Prepare Your Digital Marketing Strategy for the Cookieless Future

The phaseout of the third-party cookie will be one of the biggest changes to the marketing industry—and if you don’t have a plan, you’re already behind.

The good news is that Google recently announced support for the third-party cookie would be extended until late 2023, giving marketers more than a year extension from the previous plan to block third-party cookies by 2022. The Privacy Sandbox initiatives will be delayed while more testing takes place.

The inevitable truth is that the third-party cookie will be no more, drastically changing the marketing landscape as we know it. Preparing for this change will be incredibly important moving forward, so start making those preparations as soon as possible.

Here are some things you can do right now to help prepare your marketing efforts for when these changes take place.

Leverage Your First-Party Data

With the absence of the third-party cookie, first-party data will take on even more value. This is not a new concept to anyone in digital marketing, however, the ways in which it’s collected, deployed, and organized remains an area in need of focus and attention.

Applying analytics to your first-party data can reveal relevant insight into your customer base and help with understanding your customer journey and profiles. Growing your first-party audience through contests, loyalty programs, and frictionless collection methods on site are all great ways to significantly increase your member base. Reaching out to your subscribed email contacts for more identifiers or feedback can help produce more insight and understanding on how to better serve your current and future customers.

At the end of the day, the goal is to build, organize, and optimize your first-party data in ways in which you can leverage it to improve performance.

Google Analytics 4 Tracking

The recent release of the Google Analytics 4 property (GA4) is looking like the tracking solution of the cookieless future. It is privacy-centric, and designed to work with or without cookies. The new Google Analytics is moving from session-based tracking to event-based tracking—this means that anything someone does on a website is registered as an event instead of a session. Clicking on a link, navigating to a page or product, checking out, phone calls, and form submissions will all be counted as an event. Focusing more on behavior and intent-based targeting, paired with machine learning and statistical modeling, GA4 will be able to fill in data gaps, giving businesses better data to meet their customers’ needs as the world becomes less dependent on cookies.

Contextual Targeting

Contextual targeting is expected to be one of the biggest winners since it does not rely on third-party cookies. With contextual targeting, ads are displayed on the content your consumer is looking at instead of an overall behavior profile. Essentially, consumers will only see ads that are relevant to the content they are currently consuming. From the consumer perspective, contextual ads are less obtrusive, more relevant, and less creepy since they don’t follow consumers around the web as cookie-based behavioral retargeting does.

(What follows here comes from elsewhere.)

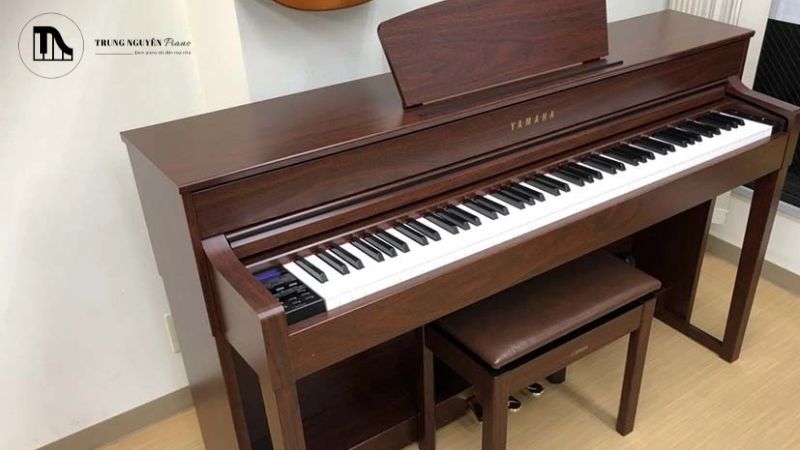 Piano cơ và piano điện: Loại nào phù hợp với bạn?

Understanding what contextual channels and targeting strategies work for you now will ultimately be a safe bet when we move away from the cookie in the future.

Conclusion

The truth is, settling for just one channel will be the death of your business. It’s more important than ever to diversify your marketing to understand what channels, strategies, and content will work best for your business. We have already seen Facebook ad performance take a hit with the new IOS14 update, and the same thing will happen to Google once the inevitable truth of the cookieless future becomes a reality. So don’t put all your eggs in one basket. Find those quick wins that scale, and you will be in a better position for the future.